El castillo está «bien cerrado» en dos sentidos, y conviene entenderlos juntos. El primero es el físico: cuando vino el ataque se cerró a cal y canto, y de esa clausura vienen el sellado, la ausencia de guardia visible y los daños de asedio e incendio. El segundo es el mágico: tienen unos Dimensional Anchor, de modo que dentro del castillo no se puede teletransportar. Masa y magia cubren así las dos vías por las que se entra a un lugar semejante: la escalada y el traslado. Quien entra, entra a pie; quien sale, sale a pie. La distancia misma es la regla de acceso: dos jornadas de ida, dos de vuelta.

La contracara de Praga

La sede del poder está en el Castillo de Praga, visible desde las calles empedradas; Vladi es otra cosa y está en otra parte, y esa otra parte es precisamente su oficio.
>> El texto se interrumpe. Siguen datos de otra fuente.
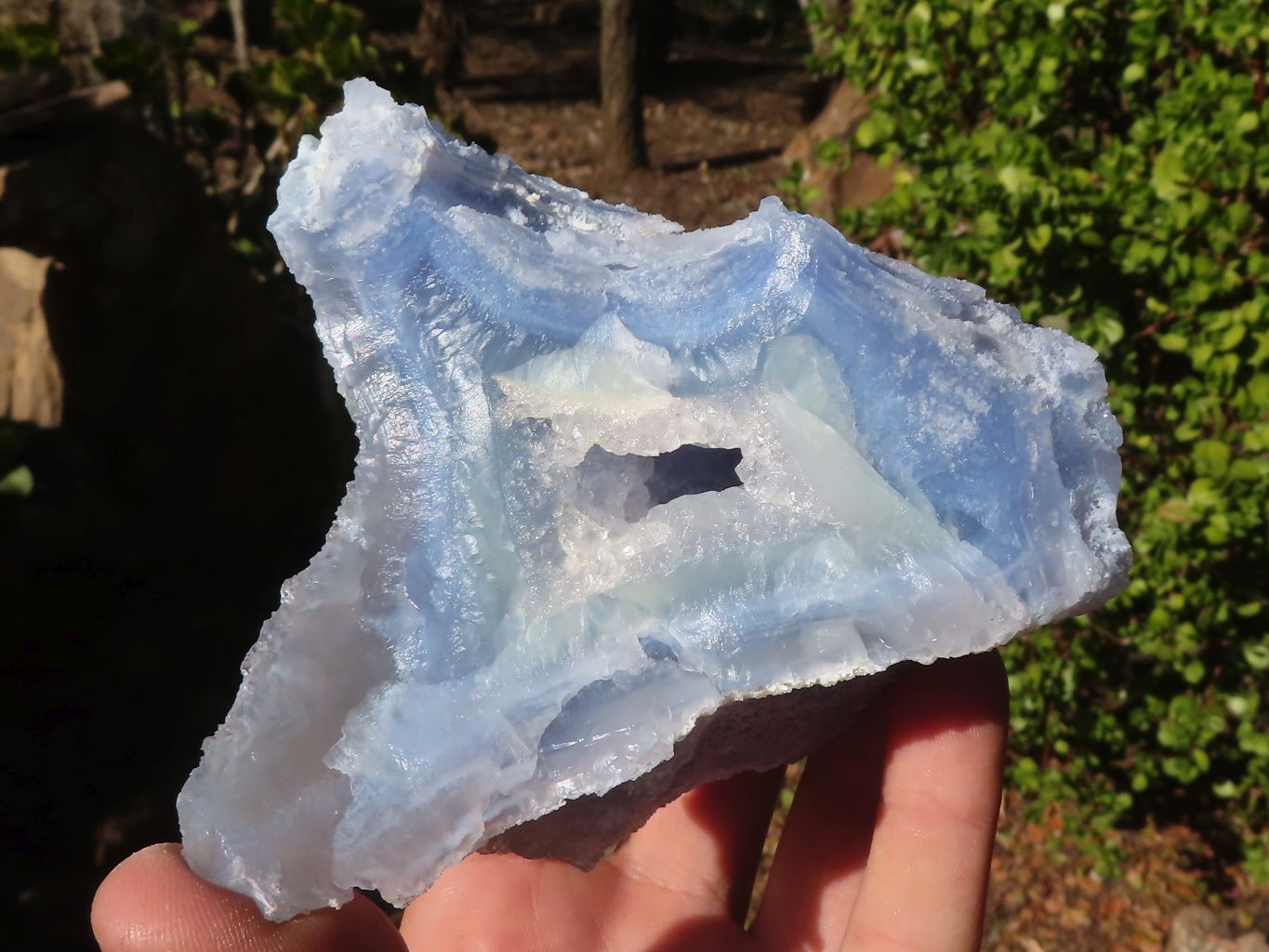 Natural Etched Blue Chalcedony Specimens  x 3 From Nsanje, Malawi - Toprock Gemstones and Minerals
Lo que no puede quedar en Praga va a Vladi: su condición de exterior a la jurisdicción de la ciudad es lo que lo habilita como destino de un traslado clandestino y como sede de un benefactor. Mientras la hostia se movía, Vladi era la razón del movimiento. Quién es ese contacto, y qué daba a cambio de recibirla, el archivo no lo dice.

De los otros castillos, que no son éste

La palabra «castillo» abunda en los registros y engendra confusiones que este cronista debe desarmar. El Castillo de Silling —también escrito «Sealing»— está en la Selva Negra, sobre un altiplano de unos dos mil metros rodeado de rocas a pico «como una pantalla, no hay abertura»; allí residen nobles y se preparan rituales de transformación con cautivas: no confundirlo con Vladi. El Castillo de Prisma es de cristal de distintos tipos y colores, flota a miles de metros y alza seis grandes torres «como gigantescos guardianes» —rojo, anaranjado, amarillo, verde, azul y púrpura—, con puerta de cristal que cierra el perímetro: tampoco es éste. El Castillo de Popa es sección de la nave Reunidos, homónimo náutico sin relación alguna. El castillo la piedra roja, en las afueras de Kosovo, y el castillo en Serbia propiedad del príncipe Mony, son entidades distintas. Que alguno de ellos guarde relación con Vladi más allá de la palabra que comparten, nadie lo ha establecido.

Advertencias del cronista

Debo a la honestidad del oficio una confesión: el retrato físico del bloque —la caliza blanca, las escalinatas, las almenas, los tres metros de leyenda, las estatuas deformadas, el sellado, el pueblo a seis kilómetros, el acantilado— llega a mí bajo el nombre desnudo de «el castillo», y lo atribuyo a Vladi por continuidad del relato, no por sentencia del autor. Quede dicho, y quede en duda. Quedan en duda también las preguntas mayores: quién habita hoy adentro, si es que alguien habita; cuándo fue el ataque que lo cerró, quién atacó y quién defendía; si las estatuas de santos se deformaron por el asedio, por iconoclasia deliberada o por efecto de otra cosa; cuántas anclas dimensionales hay, dónde están puestas y qué mano las instaló; y bajo qué jurisdicción cae, en fin, un lugar unido a Praga por una ruta nombrada pero exento de su ley. Un castillo sellado no responde preguntas. Ese es, quizá, su oficio más antiguo.